EXERCISE DATA START

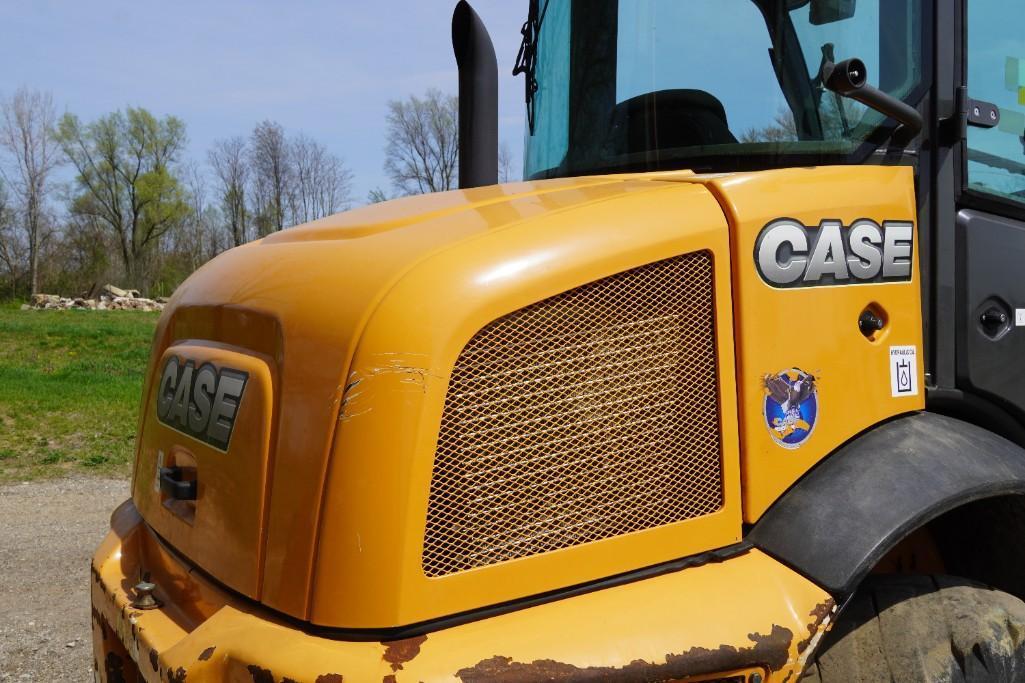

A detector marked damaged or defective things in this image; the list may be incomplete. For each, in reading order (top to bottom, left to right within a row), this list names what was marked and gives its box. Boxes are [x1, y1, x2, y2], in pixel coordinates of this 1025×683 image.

rusty metal panel [420, 250, 725, 574]
rust spot [104, 648, 126, 680]
rust spot [248, 660, 276, 676]
rust spot [383, 631, 426, 668]
chipped paint [385, 631, 432, 668]
chipped paint [455, 623, 791, 676]
rust spot [455, 623, 791, 680]
rust spot [795, 594, 836, 656]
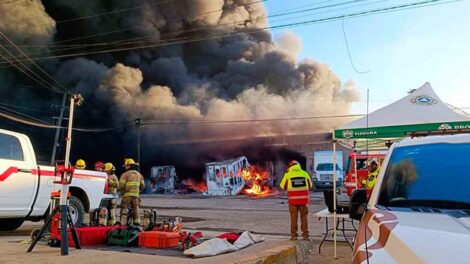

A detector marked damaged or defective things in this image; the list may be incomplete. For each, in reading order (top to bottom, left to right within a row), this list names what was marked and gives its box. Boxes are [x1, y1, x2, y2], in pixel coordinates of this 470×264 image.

burned bus shell [206, 156, 250, 195]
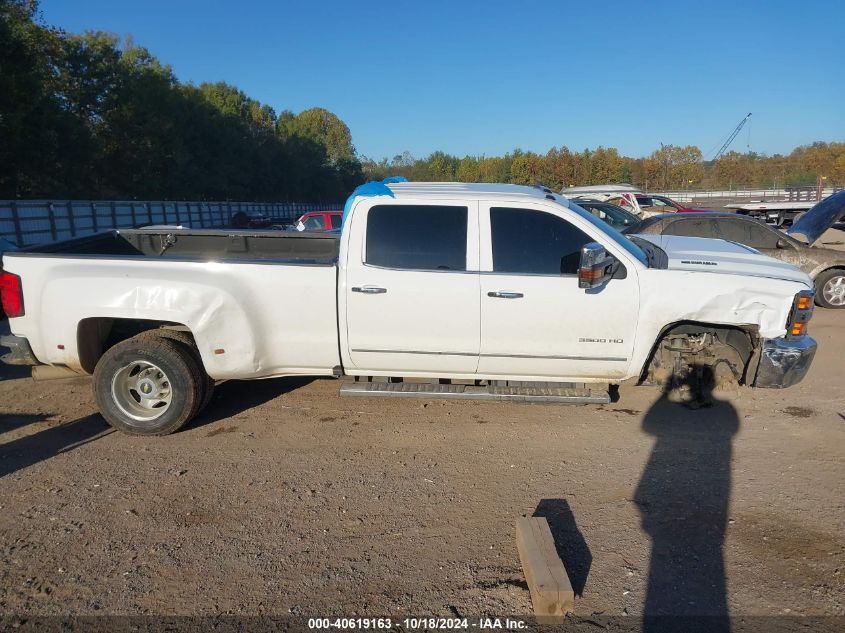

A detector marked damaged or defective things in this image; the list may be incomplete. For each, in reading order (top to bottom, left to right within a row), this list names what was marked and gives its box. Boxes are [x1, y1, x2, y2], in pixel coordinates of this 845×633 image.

damaged front bumper [0, 334, 39, 362]
damaged front bumper [756, 334, 816, 388]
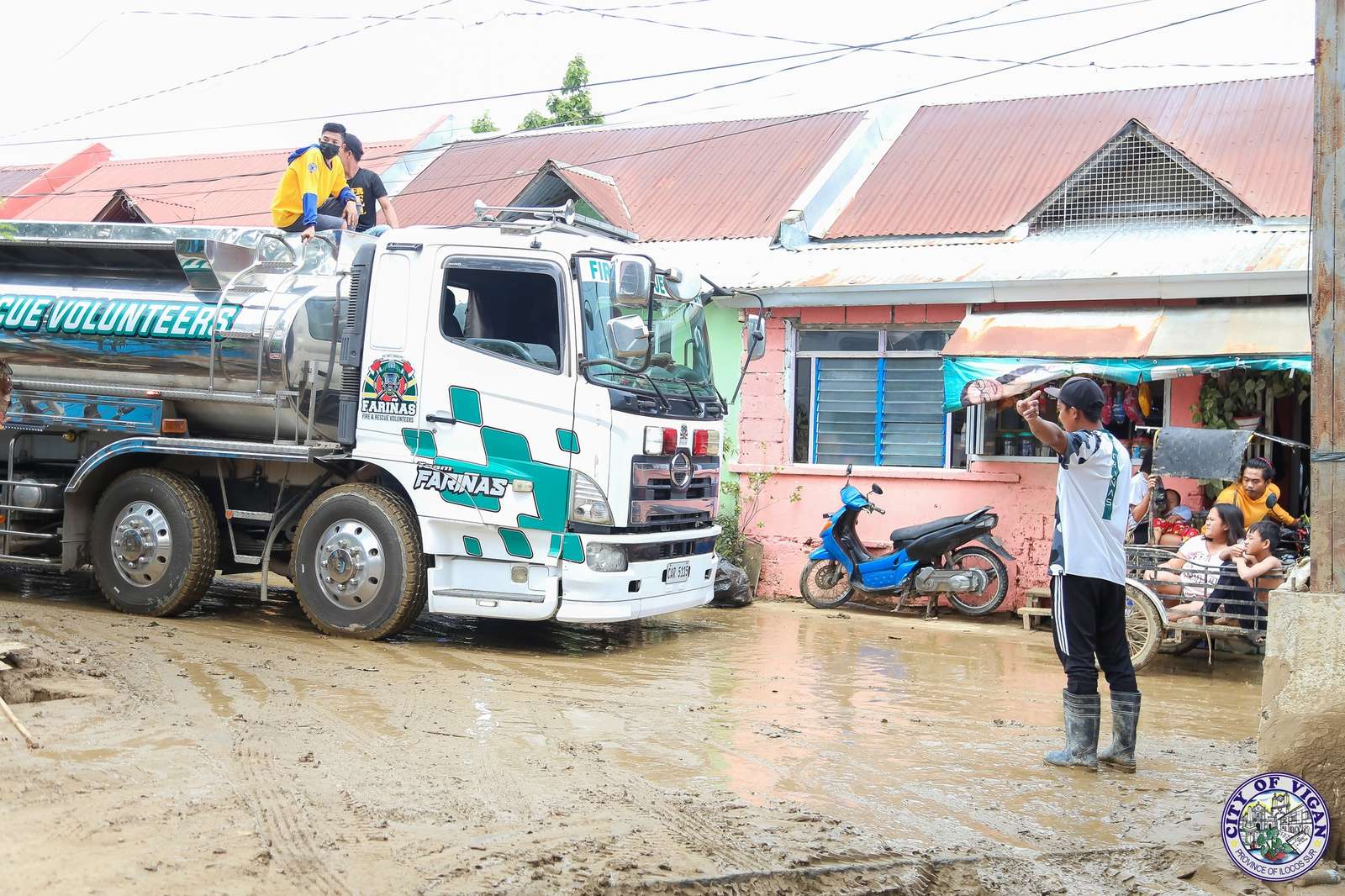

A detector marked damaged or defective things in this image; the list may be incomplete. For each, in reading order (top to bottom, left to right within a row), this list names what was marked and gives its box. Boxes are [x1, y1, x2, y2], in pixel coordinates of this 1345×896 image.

rusty metal roof [8, 140, 414, 224]
rusty metal roof [393, 114, 866, 240]
rusty metal roof [828, 75, 1312, 239]
rusty metal roof [942, 303, 1307, 360]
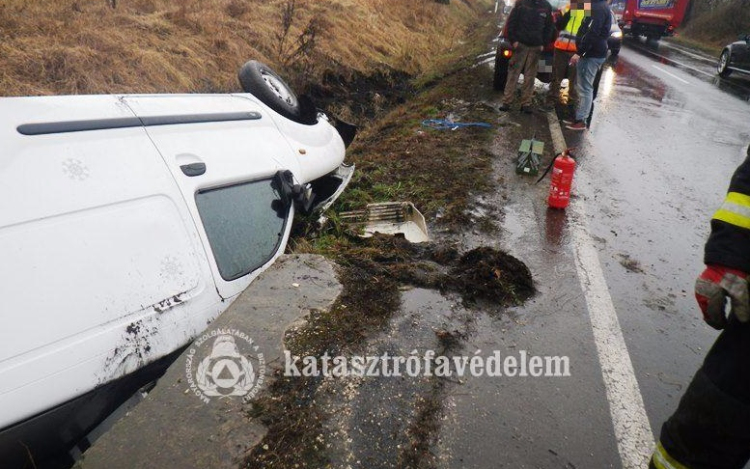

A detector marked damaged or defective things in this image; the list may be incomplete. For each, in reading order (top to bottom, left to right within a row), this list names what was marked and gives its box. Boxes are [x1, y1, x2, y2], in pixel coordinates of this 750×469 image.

overturned white van [0, 59, 356, 464]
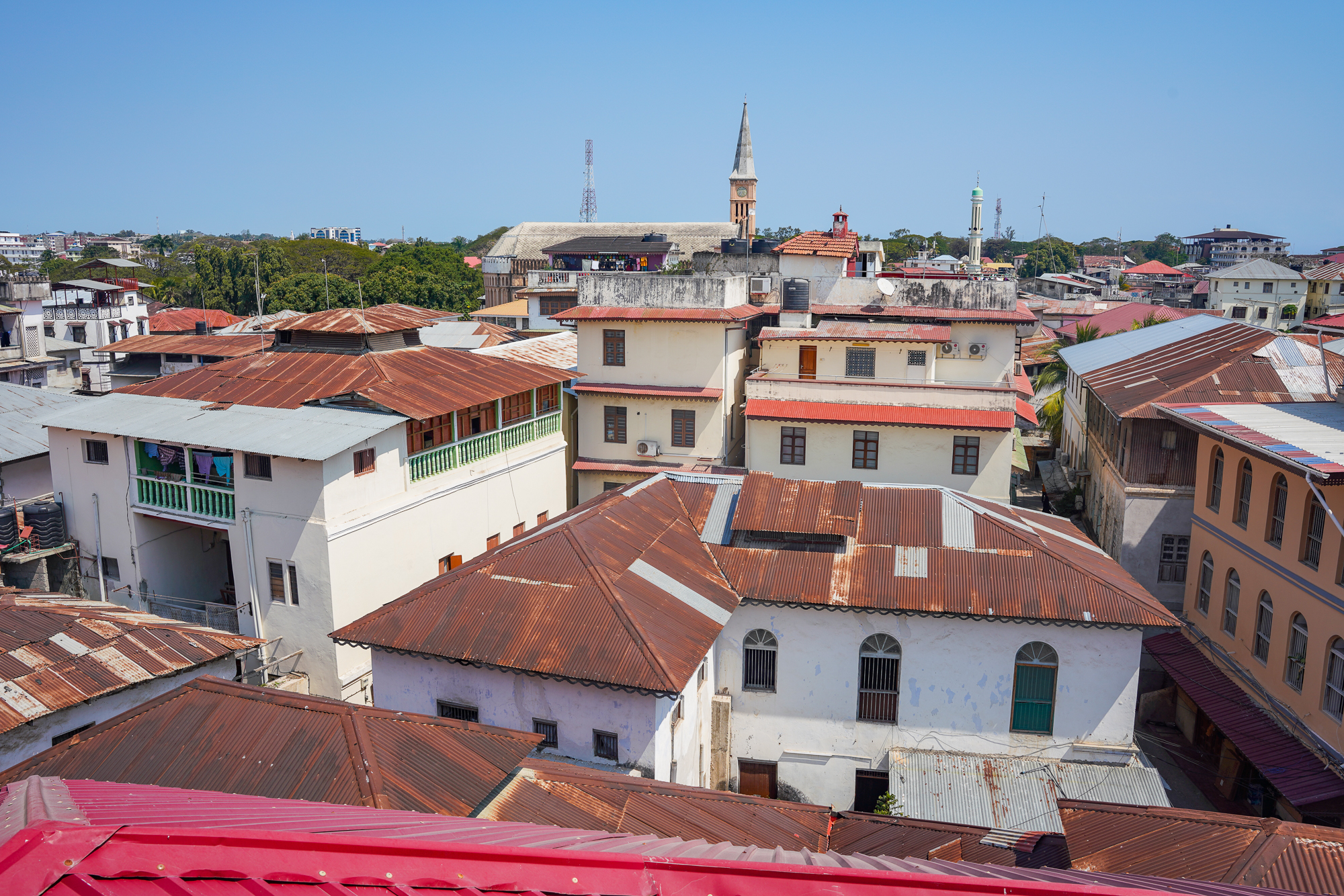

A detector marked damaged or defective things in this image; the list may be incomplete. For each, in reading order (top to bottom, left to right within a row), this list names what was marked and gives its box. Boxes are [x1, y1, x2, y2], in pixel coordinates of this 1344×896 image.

rusty corrugated roof [91, 333, 270, 357]
rusty corrugated roof [113, 347, 575, 424]
rusty corrugated roof [267, 304, 446, 334]
rusty corrugated roof [331, 481, 742, 699]
rusty corrugated roof [0, 596, 262, 736]
rusty corrugated roof [0, 672, 540, 811]
rusty corrugated roof [478, 763, 833, 854]
rusty corrugated roof [1059, 801, 1344, 892]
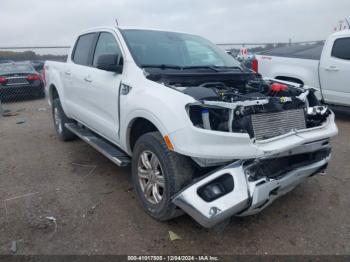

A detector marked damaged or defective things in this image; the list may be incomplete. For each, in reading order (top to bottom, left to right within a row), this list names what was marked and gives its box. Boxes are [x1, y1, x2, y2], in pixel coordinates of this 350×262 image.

crumpled front bumper [172, 150, 330, 228]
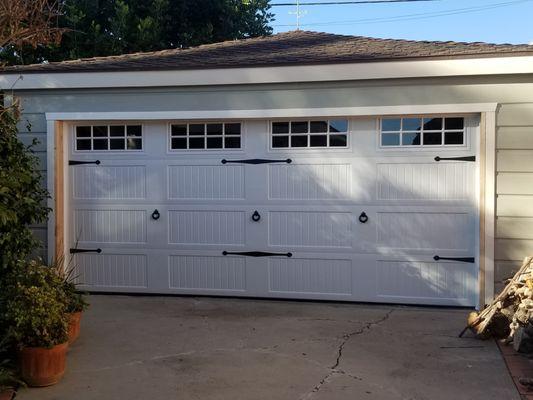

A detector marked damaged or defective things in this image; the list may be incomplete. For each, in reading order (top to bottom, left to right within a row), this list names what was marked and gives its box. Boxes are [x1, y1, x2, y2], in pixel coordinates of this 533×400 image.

crack in concrete [300, 308, 394, 398]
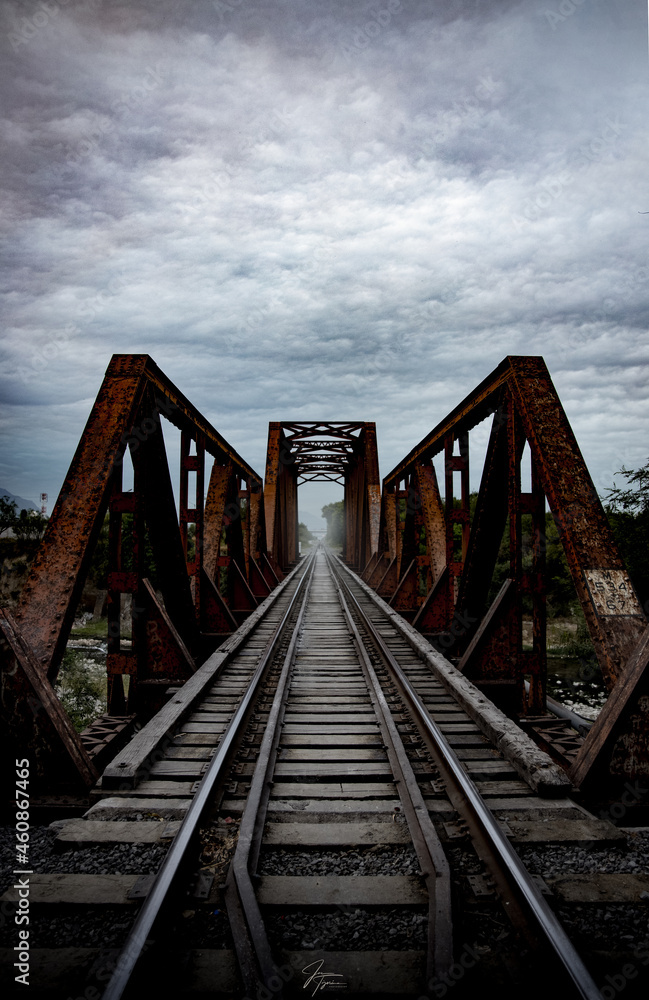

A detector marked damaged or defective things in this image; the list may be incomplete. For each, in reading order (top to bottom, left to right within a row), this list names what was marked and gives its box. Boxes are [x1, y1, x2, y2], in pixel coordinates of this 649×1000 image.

rusty iron bridge [1, 356, 648, 808]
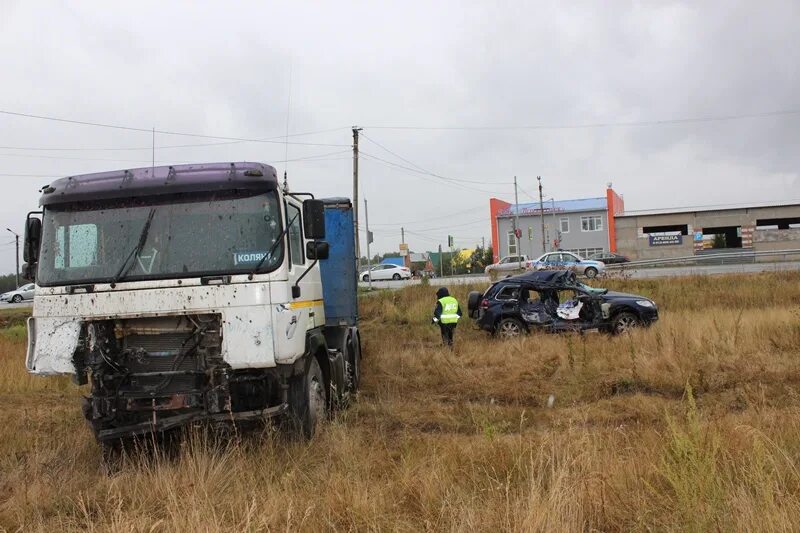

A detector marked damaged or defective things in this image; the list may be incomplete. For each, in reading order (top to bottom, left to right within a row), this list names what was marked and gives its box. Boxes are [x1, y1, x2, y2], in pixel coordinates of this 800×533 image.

damaged truck front [22, 162, 360, 444]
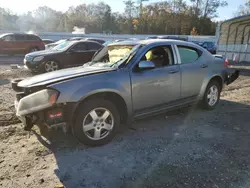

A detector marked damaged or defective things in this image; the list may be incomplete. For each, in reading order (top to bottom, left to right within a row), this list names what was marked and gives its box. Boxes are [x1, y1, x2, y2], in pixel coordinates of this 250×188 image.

crumpled hood [18, 65, 115, 87]
damaged front end [12, 79, 71, 132]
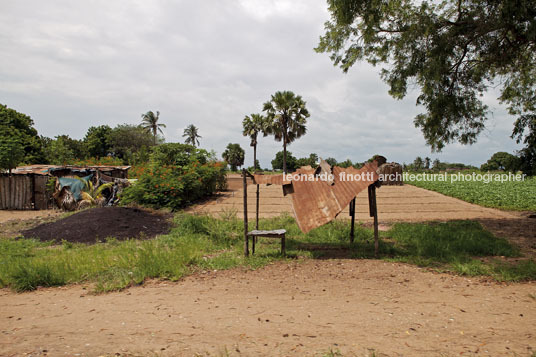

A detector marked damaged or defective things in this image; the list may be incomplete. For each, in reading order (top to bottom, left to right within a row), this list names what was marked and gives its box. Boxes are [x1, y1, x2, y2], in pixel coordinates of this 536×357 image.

EXERCISE DATA END

◆ ASSIGNMENT
With the pictures removed, write out exactly the lines from the line containing "this 350×262 image." through the last line of the material above, both included.

◆ TASK ANSWER
A detector marked damaged or defective things in this image; the list may be incomplete. For each, in reading order (top to bottom, left to right within a row), this list names what was marked and gives its box. Boxes are [x1, y1, x2, y2], in pixel coordinates of this 350×262 image.

crumpled front bumper [172, 150, 330, 228]

A detector marked damaged or defective things in this image; the list may be incomplete. For each, in reading order (top to bottom, left to right within a row), this list names what was marked and gives its box. Boxes are [x1, y1, x2, y2], in pixel coordinates of this 533×400 image.

crack in concrete [300, 308, 394, 398]

A detector marked damaged or defective things in this image; the list may be incomplete. For each, in reading order (top to bottom, left to right within a row), this list names what was marked and gives its box. Boxes are [x1, y1, x2, y2], in pixel coordinates of this 649×1000 image.

rusty iron bridge [1, 356, 648, 808]

A detector marked damaged or defective things in this image; the list may be incomplete. For each, in reading order (top to bottom, left to right within a row), this list names what was marked and gives its box. Boxes are [x1, y1, x2, y2], in pixel coordinates of this 800×533 image.

damaged truck front [22, 162, 360, 444]

A detector marked damaged or defective things in this image; the list may be incomplete. For each, in reading order (top to bottom, left to right within a row), this list names what was marked and gives its box. Boxes are [x1, y1, x2, y2], in pixel coordinates of this 250×188 image.

crumpled hood [18, 65, 115, 87]
damaged front end [12, 79, 71, 132]

A detector marked damaged or defective things in this image; the list may be incomplete. For each, in reading order (top to bottom, left to right within a row), this list names what was marked and gives its box. Boxes are [x1, y1, x2, y2], in pixel coordinates of this 536×357 image.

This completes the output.